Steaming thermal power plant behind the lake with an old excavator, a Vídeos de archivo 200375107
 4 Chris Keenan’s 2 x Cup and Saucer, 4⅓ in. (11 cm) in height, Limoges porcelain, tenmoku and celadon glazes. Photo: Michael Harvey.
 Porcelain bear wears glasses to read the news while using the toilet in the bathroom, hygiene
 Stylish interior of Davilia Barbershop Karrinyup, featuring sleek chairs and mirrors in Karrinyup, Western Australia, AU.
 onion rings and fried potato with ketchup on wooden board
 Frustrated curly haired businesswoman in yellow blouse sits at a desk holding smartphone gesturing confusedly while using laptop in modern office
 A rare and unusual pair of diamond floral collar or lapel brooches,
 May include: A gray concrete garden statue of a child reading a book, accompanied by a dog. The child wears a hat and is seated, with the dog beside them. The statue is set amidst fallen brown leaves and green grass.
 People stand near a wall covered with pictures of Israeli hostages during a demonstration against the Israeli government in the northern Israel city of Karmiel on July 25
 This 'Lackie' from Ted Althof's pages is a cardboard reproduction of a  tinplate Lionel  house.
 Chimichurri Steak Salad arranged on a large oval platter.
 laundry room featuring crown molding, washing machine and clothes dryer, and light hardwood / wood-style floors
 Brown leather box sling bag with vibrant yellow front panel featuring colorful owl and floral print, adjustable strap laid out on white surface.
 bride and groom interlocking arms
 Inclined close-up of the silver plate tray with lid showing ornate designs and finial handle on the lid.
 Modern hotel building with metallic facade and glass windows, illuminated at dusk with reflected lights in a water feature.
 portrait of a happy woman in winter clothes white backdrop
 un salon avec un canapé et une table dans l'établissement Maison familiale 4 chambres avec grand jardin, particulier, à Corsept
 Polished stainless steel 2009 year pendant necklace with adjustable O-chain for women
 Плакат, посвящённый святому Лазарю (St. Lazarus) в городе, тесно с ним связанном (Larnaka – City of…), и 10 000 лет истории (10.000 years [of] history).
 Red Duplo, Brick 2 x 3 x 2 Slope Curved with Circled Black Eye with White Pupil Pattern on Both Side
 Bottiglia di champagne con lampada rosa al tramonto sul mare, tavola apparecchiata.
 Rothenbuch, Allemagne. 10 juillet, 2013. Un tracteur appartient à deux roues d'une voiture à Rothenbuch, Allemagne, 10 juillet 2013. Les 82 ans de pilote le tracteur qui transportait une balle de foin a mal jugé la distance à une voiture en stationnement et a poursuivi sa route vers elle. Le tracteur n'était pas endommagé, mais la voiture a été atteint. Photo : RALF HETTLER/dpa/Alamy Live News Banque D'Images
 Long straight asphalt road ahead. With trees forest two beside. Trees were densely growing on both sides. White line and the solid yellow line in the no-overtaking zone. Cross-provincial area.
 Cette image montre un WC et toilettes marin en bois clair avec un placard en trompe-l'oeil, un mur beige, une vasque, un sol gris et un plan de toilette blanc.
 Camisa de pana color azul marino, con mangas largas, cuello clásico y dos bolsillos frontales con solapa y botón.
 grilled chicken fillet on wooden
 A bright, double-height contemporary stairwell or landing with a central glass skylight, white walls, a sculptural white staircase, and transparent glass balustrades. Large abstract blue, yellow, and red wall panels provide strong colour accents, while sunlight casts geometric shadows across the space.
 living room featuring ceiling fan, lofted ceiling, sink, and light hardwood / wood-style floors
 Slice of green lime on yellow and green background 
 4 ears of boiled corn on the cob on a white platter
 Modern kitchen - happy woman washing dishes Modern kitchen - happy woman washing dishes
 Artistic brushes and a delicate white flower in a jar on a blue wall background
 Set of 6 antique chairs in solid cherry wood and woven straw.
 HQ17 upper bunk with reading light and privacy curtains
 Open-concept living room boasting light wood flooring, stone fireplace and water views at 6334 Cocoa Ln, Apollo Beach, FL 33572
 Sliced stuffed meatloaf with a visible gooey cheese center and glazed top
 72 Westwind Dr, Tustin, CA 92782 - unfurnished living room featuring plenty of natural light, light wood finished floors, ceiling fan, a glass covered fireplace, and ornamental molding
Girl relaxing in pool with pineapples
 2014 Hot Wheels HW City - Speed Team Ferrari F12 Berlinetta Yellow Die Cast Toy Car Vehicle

_ _ _ _

▸ **Exercise instructions**: Set each line down exactly, starting with the one that contains "Sliced stuffed meatloaf" and ending with the last line of the listing; add nothing else.

▸ **Result**:
 Sliced stuffed meatloaf with a visible gooey cheese center and glazed top
 72 Westwind Dr, Tustin, CA 92782 - unfurnished living room featuring plenty of natural light, light wood finished floors, ceiling fan, a glass covered fireplace, and ornamental molding
Girl relaxing in pool with pineapples
 2014 Hot Wheels HW City - Speed Team Ferrari F12 Berlinetta Yellow Die Cast Toy Car Vehicle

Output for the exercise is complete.